● **BRIEF**
Using the listing below, set down exactly the lines from the one that contains "Image 8 : RAFFLE*5" through the one that contains "我想問一下國(guó)家知識", with no pictures.

● **INFORMATION PROVIDED**
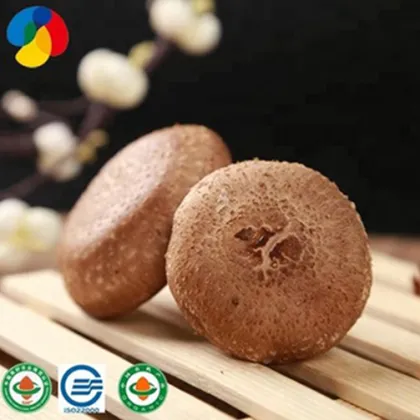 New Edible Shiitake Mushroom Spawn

---

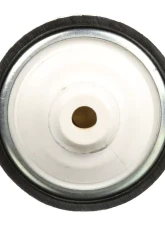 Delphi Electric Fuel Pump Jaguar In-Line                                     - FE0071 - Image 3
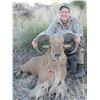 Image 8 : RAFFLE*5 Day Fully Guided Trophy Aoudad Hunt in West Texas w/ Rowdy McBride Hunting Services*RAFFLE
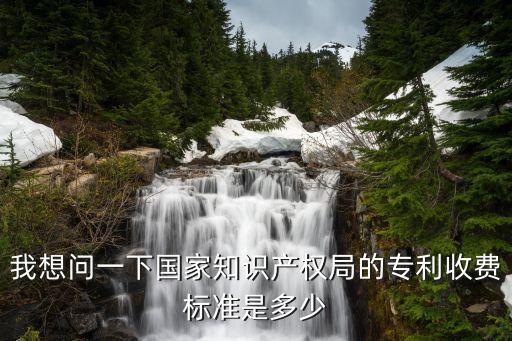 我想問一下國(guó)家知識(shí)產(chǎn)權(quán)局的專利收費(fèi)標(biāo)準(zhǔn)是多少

==

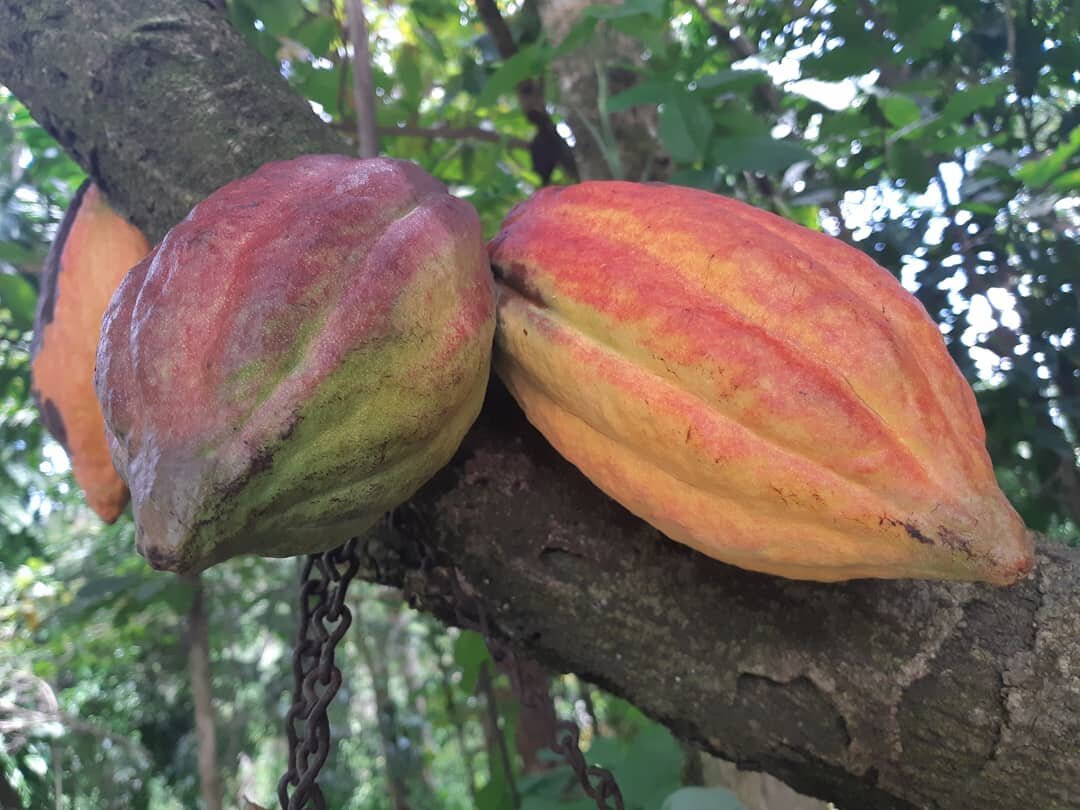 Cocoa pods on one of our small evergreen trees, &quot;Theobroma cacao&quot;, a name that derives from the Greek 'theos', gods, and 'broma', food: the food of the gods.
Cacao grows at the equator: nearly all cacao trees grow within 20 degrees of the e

● **ANSWER TO THIS EXERCISE**
 Image 8 : RAFFLE*5 Day Fully Guided Trophy Aoudad Hunt in West Texas w/ Rowdy McBride Hunting Services*RAFFLE
 我想問一下國(guó)家知識(shí)產(chǎn)權(quán)局的專利收費(fèi)標(biāo)準(zhǔn)是多少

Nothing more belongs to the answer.